Desde então, mais e mais empresas estão buscando uma fatia do bolo financeiro. Algumas gigantes, como Mercado Livre e Magazine Luiza, por exemplo, criaram soluções dentro de casa, desenvolvendo braços financeiros próprios por meio de fintechs, na chamada fintechização da economia.

No conglomerado argentino, o segmento financeiro é o Mercado Pago, que tem licença para operar como banco digital desde 2018 e já responde por 48% da receita líquida total do grupo. Já o grupo de Luiza Trajano lançou a Fintech Magalu em maio deste ano, unindo soluções de cartão de crédito para pessoas físicas e jurídicas, empréstimos e pagamentos por meio do MagaluPay

Existem, no entanto, alguns contras no movimento. Embora a desconcentração bancária seja bem-vinda, Elaine Borges, professora e pesquisadora da USP na área de finanças, alerta que é preciso ficar atento a práticas abusivas dentro do modelo.

“Acredito que seria necessário uma intervenção mais forte do governo para impedir que a população mais vulnerável entre em uma armadilha, usando, por exemplo, um crédito inadequado. É preciso uma intermediação, a decisão do que será oferecido não pode ficar nas mãos do livre mercado”, defende. 

Vale lembrar que o Banco Central endureceu, em março deste ano, as regras que regulam as fintechs, elevando a barra de requisitos conforme o tamanho da startup. A nova regulação exige, por exemplo, que as instituições de pagamento elevem sua alocação de capital para fazer frente a maiores riscos operacionais. 

Bancos ameaçados?

Por aqui, o potencial do mercado de bank as a service ainda não ameaça a hegemonia dos bancões. O País tem quatro instituições bancárias – Santander, Itaú, Bradesco e Banco do Brasil – na lista dos 10 bancos mais rentáveis do mundo, segundo ranking da consultoria Economatica. E embora as fintechs tenham diminuído em 10% a concentração bancária nos últimos 10 anos, 71% do mercado ainda está concentrado nas mãos desses mesmos bancos – mais a Caixa.

A força do sistema atende a um cenário local característico que envolve taxas de juros historicamente altas e uma barreira de entrada para novos players, criando uma concentração de mercado na mão de poucos players ultra-lucrativos. O cenário começou a mudar em 2013, quando o Banco Central lançou a criação das instituições de pagamento – primeiro passo para a abertura do mercado bancário para as fintechs.

A grande preocupação dos bancos, no entanto, pode estar em um jogador que ainda não está completamente posicionado no tabuleiro.

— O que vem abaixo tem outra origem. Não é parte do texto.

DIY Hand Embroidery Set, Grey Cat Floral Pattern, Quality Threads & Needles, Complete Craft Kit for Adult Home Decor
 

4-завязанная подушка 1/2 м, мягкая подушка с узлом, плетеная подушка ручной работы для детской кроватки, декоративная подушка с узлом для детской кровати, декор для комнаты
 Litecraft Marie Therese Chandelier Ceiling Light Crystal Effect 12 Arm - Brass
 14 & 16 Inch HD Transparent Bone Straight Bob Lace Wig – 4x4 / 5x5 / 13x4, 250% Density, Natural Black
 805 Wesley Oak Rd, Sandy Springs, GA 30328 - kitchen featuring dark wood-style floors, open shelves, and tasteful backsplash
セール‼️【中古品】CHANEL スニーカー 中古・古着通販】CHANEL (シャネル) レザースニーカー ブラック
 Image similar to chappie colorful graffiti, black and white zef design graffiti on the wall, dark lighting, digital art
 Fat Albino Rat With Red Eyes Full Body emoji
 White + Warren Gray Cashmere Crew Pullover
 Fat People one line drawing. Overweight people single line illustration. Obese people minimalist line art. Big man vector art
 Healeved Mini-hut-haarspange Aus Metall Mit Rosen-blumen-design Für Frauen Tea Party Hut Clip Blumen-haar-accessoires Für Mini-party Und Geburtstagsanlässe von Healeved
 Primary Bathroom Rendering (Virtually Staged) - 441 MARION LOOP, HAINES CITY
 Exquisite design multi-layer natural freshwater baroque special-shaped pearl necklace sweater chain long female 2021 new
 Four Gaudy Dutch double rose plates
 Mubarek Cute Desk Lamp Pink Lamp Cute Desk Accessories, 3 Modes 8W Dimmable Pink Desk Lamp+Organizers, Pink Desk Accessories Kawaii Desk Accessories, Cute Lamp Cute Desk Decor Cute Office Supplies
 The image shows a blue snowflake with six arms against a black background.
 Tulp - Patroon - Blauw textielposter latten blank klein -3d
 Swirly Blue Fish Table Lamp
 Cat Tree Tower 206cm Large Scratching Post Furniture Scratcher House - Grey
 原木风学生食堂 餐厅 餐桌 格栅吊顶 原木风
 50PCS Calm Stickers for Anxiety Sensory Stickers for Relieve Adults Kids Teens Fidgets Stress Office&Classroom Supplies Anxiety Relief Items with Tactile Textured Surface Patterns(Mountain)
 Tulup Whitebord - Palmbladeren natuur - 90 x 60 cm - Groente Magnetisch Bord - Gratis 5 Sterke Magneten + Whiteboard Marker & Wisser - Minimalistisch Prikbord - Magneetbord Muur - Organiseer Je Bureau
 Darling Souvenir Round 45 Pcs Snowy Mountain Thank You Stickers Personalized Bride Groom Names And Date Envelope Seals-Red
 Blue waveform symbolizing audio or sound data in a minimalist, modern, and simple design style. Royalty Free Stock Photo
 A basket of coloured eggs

São as big techs, que podem ser potencialmente perigosas justamente no negócio mais lucrativo dos bancos: o crédito.  

“A análise de crédito tradicional é bastante antiga. As grandes empresas de tecnologia sabem muito mais sobre nós e sobre nosso comportamento do que a base de dados dos bancos. Vai ser uma boa briga porque são dois mercados muito rentáveis”, completa Borges.